EXERCISE DETAILS »
Aim for an exact copy of the listing, without any images.

EXTRACTED ENTRIES »
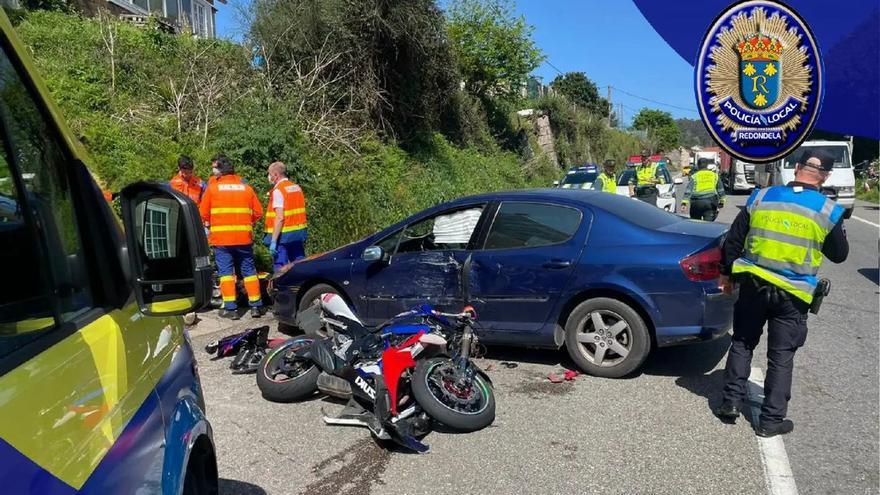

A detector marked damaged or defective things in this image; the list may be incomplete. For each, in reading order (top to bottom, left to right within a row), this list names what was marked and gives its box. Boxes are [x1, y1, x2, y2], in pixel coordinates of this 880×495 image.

crashed motorcycle [256, 258, 496, 452]
damaged blue car [270, 188, 736, 378]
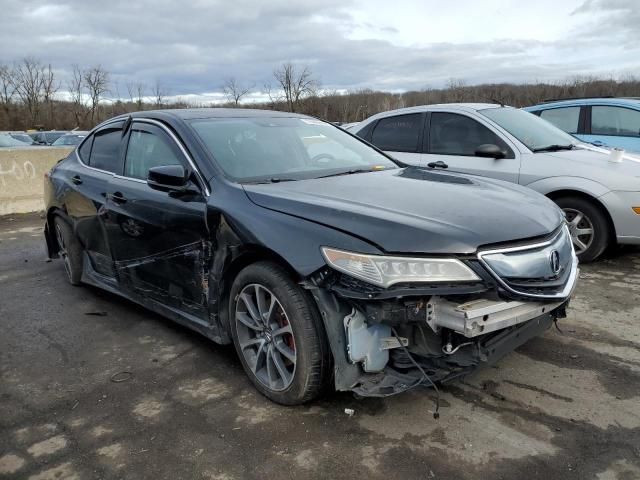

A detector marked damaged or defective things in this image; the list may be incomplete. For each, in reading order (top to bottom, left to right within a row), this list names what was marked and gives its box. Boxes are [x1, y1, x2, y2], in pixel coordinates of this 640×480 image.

damaged black car [42, 109, 576, 404]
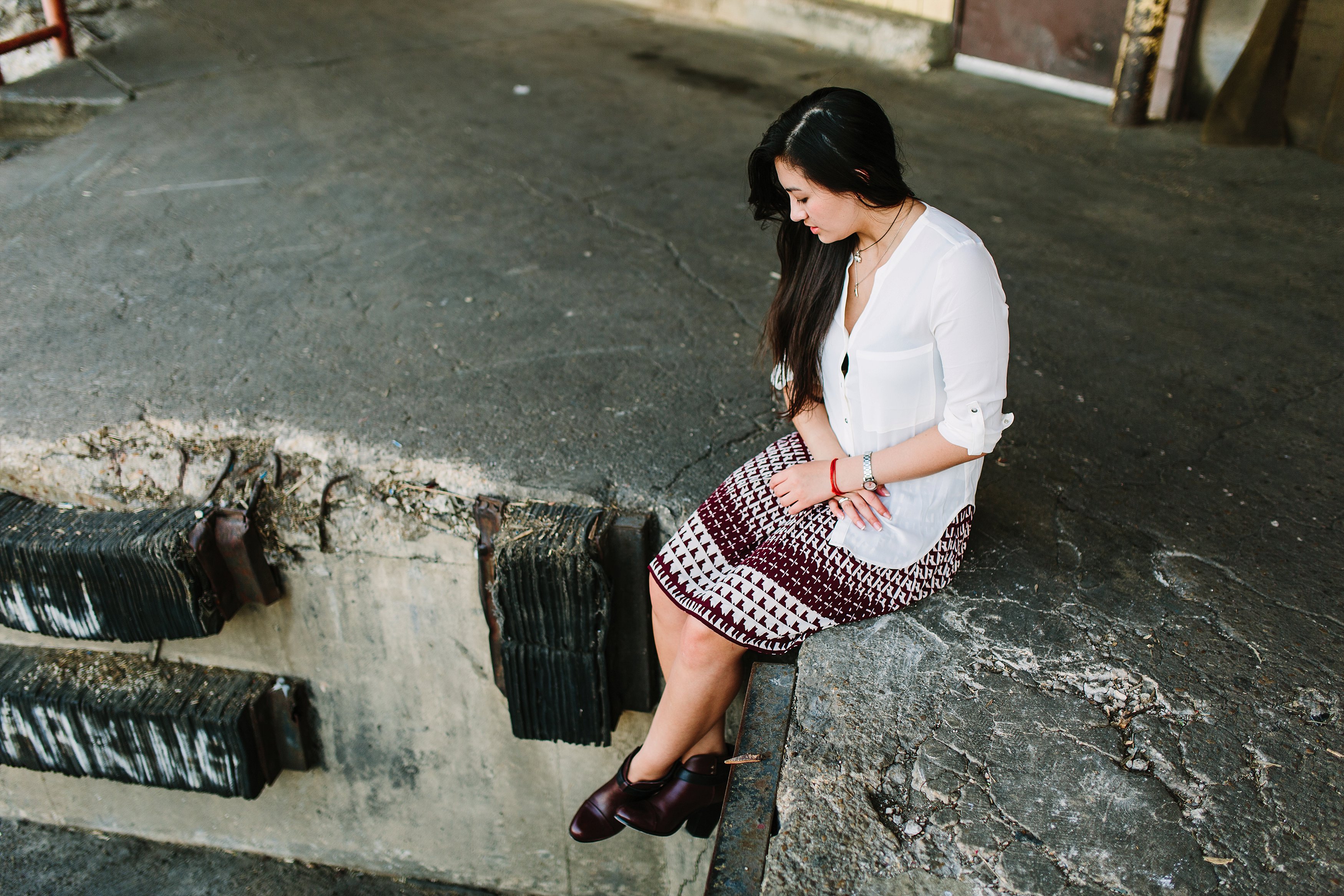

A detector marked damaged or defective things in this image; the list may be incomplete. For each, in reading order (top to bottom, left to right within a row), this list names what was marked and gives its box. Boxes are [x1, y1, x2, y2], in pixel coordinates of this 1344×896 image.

rusty metal rail [0, 0, 75, 87]
corroded metal bracket [479, 495, 510, 697]
corroded metal bracket [703, 658, 799, 896]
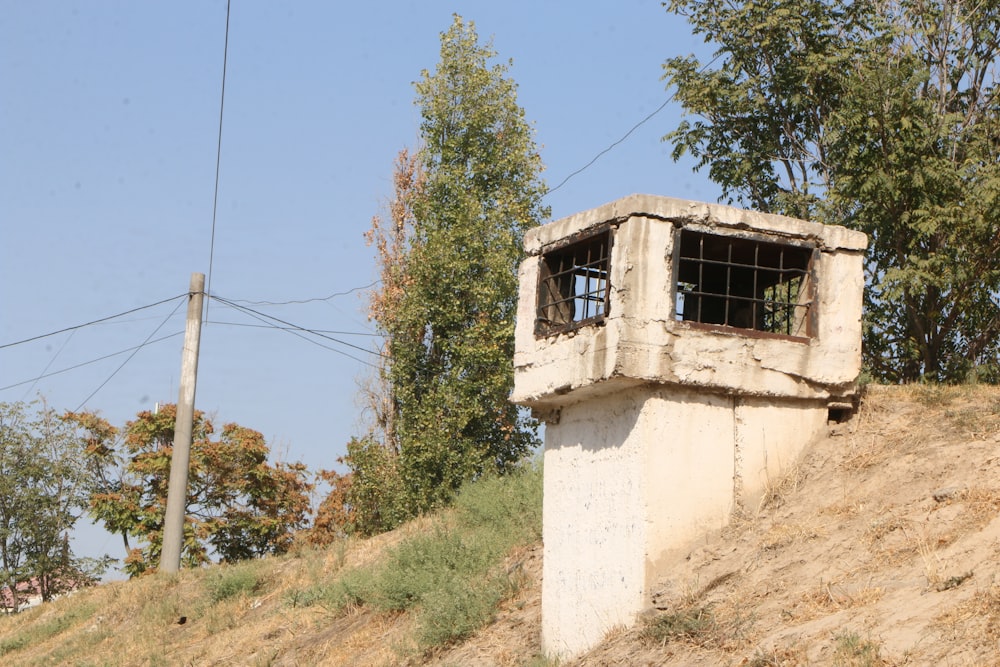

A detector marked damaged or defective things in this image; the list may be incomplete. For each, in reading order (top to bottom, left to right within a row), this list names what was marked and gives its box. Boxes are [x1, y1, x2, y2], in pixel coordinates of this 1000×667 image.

rusty metal window bar [540, 230, 608, 336]
rusty metal window bar [676, 230, 816, 340]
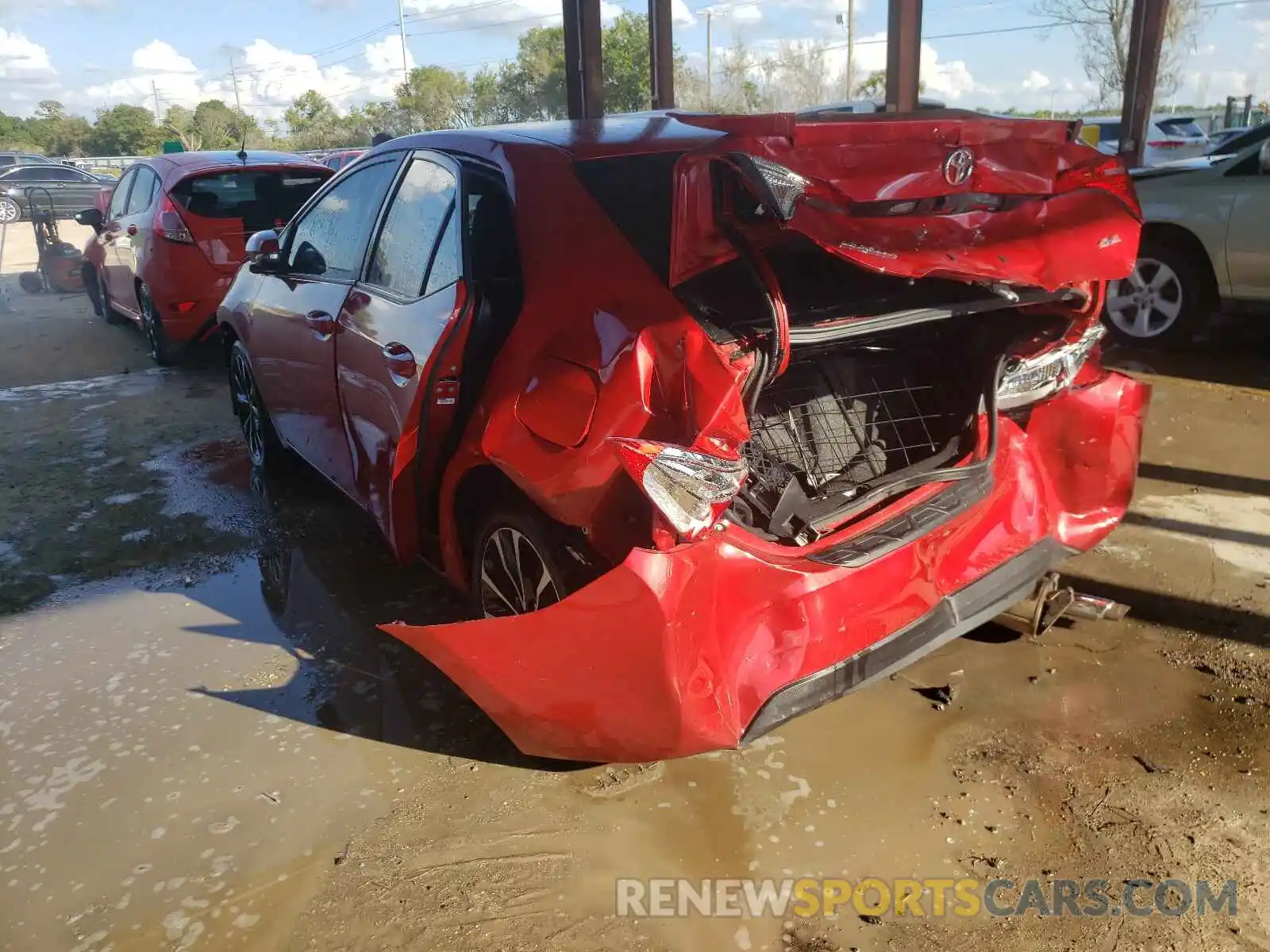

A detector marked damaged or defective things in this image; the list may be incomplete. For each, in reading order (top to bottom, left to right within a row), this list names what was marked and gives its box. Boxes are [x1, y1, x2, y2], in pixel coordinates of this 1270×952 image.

broken taillight lens [154, 194, 193, 244]
crumpled trunk lid [675, 111, 1143, 290]
broken taillight lens [1051, 159, 1143, 221]
broken taillight lens [995, 324, 1107, 411]
broken taillight lens [612, 441, 746, 540]
damaged rear bumper [375, 368, 1153, 766]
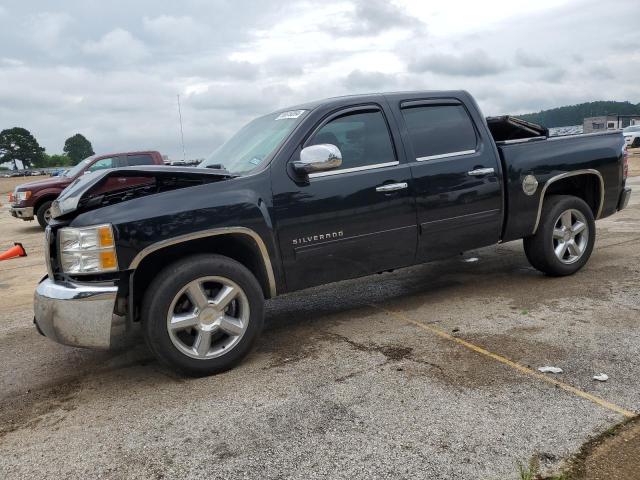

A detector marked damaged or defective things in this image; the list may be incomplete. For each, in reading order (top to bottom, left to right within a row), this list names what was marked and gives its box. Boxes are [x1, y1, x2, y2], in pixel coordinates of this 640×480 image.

damaged front bumper [33, 278, 127, 348]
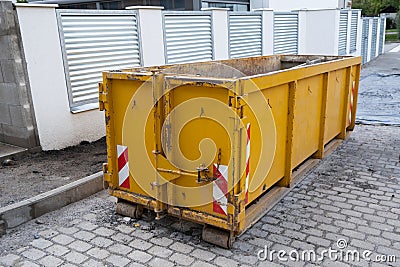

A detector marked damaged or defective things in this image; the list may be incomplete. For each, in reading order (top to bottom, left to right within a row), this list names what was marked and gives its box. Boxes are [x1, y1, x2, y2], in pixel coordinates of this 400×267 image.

rusty metal container side [100, 55, 362, 249]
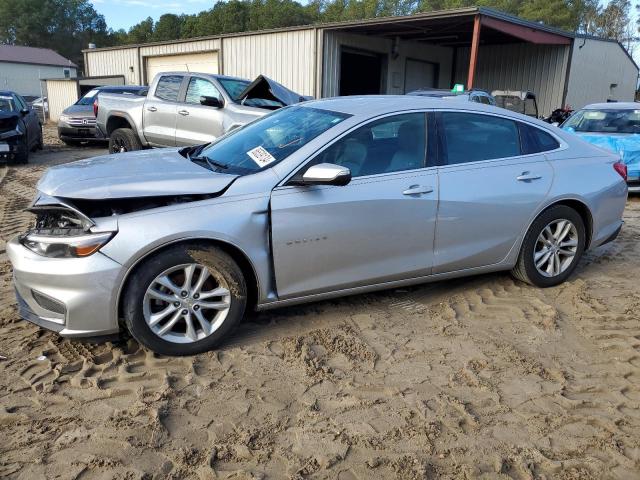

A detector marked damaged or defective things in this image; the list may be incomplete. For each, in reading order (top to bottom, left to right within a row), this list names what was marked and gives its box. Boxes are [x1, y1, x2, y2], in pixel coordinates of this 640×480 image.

damaged headlight [21, 230, 115, 256]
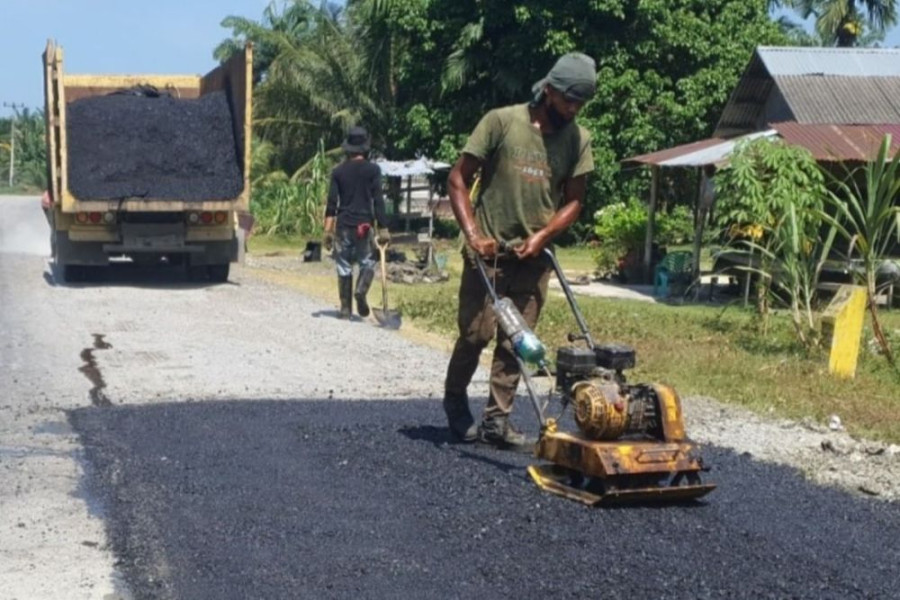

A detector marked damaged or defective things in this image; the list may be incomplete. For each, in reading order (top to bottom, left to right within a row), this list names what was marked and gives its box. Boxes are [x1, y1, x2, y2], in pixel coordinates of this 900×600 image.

fresh asphalt patch [70, 398, 900, 600]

RESPONSE BELOW »
A detector marked damaged or defective things in this image; the list may be incomplete. For each, in reading order (top to bottom, left to right within a row), this list names what was marked and gives its box. Boxes are [x1, y1, x2, y2], in pixel coordinates of this 880×495 image.

crashed motorcycle [256, 258, 496, 452]
damaged blue car [270, 188, 736, 378]

A detector marked damaged or defective things in this image; the list may be incomplete. For each, in reading order (top to bottom, left to right within a row), this list names what was marked and gives its box. Boxes are [x1, y1, x2, y2], in pixel coordinates of this 640×480 image.

damaged black car [42, 109, 576, 404]

A detector marked damaged or defective things in this image; the list may be incomplete. For each, in reading order (top to bottom, left to right within a row), this list names what was marked and gives its box. Boxes are [x1, y1, x2, y2], in pixel coordinates of this 1344×896 image.

rusty metal rail [0, 0, 75, 87]
corroded metal bracket [479, 495, 510, 697]
corroded metal bracket [703, 658, 799, 896]

A detector marked damaged or defective things in this image; the list may be incomplete. For each, in reading order (top to bottom, left to right within a row), this list names what was marked and gives its box. Boxes are [x1, y1, x2, y2], in pixel coordinates of this 1000×667 image.

rusty metal window bar [540, 230, 608, 336]
rusty metal window bar [676, 230, 816, 340]

A detector marked damaged or defective things in this image; the list may be incomplete. For each, in reading order (top to bottom, left to right within a row), this list names what was marked and gives its box. Boxes are [x1, y1, x2, y2], in pixel coordinates of this 1270×952 image.

broken taillight lens [154, 194, 193, 244]
crumpled trunk lid [675, 111, 1143, 290]
broken taillight lens [1051, 159, 1143, 221]
broken taillight lens [995, 324, 1107, 411]
broken taillight lens [612, 441, 746, 540]
damaged rear bumper [375, 368, 1153, 766]

A detector marked damaged or defective things in this image; the list may be incomplete. For each, in reading order (top to bottom, left to right within a row), this list names what was marked and gives its box. Boxes are [x1, y1, x2, y2], in pixel coordinates of this 640×480 image.

damaged front bumper [33, 278, 127, 348]

A detector marked damaged or defective things in this image; the list may be incomplete. For each, in reading order (top to bottom, left to right within a row), this list names what was marked and gives its box. Boxes are [x1, y1, x2, y2], in pixel coordinates of this 400×267 image.

rusty metal container side [100, 55, 362, 249]

A detector marked damaged or defective things in this image; the list may be incomplete. For each, in reading order (top to bottom, left to right within a row), this list names what was marked and gives its box. Boxes are [x1, y1, x2, y2], in pixel coordinates of this 640×480 image.

damaged headlight [21, 230, 115, 256]

A detector marked damaged or defective things in this image; the list may be incomplete. For each, in reading order (top to bottom, left to right within a row), this list names what was marked and gives its box. Boxes are [x1, y1, x2, y2], in pixel coordinates of this 900×600 image.

fresh asphalt patch [70, 398, 900, 600]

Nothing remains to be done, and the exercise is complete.